**Task objective**
Every line below between the line holding "If you can't" and the line holding "When you write", inclusive, should be repeated exactly, and all other lines omitted.

**Listed records**

== Segment start ==

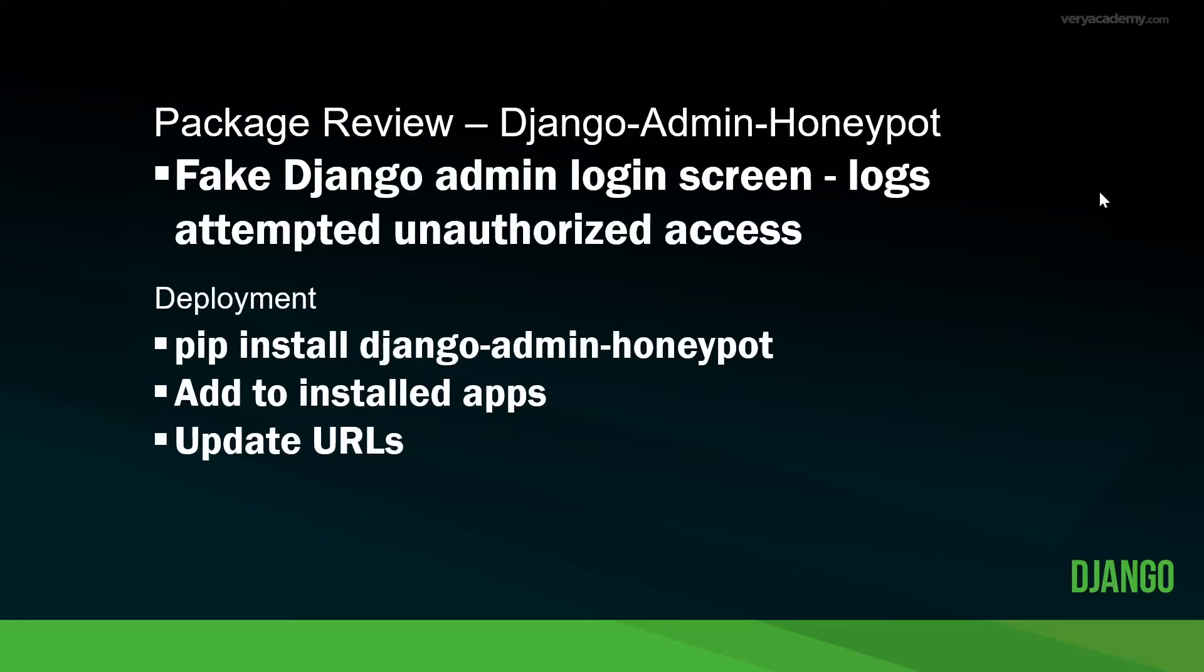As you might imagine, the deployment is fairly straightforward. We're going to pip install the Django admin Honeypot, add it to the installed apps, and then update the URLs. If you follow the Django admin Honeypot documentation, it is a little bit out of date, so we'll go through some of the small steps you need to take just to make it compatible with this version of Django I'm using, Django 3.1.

== Segment end ==
== Segment start ==

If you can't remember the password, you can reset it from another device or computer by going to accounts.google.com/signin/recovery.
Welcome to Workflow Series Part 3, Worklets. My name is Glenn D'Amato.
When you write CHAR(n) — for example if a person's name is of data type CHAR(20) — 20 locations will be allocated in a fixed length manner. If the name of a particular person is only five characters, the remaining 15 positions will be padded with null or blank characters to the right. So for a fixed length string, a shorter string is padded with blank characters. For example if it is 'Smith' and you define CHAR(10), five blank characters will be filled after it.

== Segment end ==
== Segment start ==

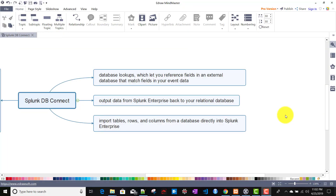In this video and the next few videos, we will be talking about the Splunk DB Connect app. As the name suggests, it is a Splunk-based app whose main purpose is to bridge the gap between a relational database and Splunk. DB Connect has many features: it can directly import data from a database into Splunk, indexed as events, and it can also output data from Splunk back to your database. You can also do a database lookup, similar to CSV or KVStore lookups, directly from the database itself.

== Segment end ==

**Completed exercise**
If you can't remember the password, you can reset it from another device or computer by going to accounts.google.com/signin/recovery.
Welcome to Workflow Series Part 3, Worklets. My name is Glenn D'Amato.
When you write CHAR(n) — for example if a person's name is of data type CHAR(20) — 20 locations will be allocated in a fixed length manner. If the name of a particular person is only five characters, the remaining 15 positions will be padded with null or blank characters to the right. So for a fixed length string, a shorter string is padded with blank characters. For example if it is 'Smith' and you define CHAR(10), five blank characters will be filled after it.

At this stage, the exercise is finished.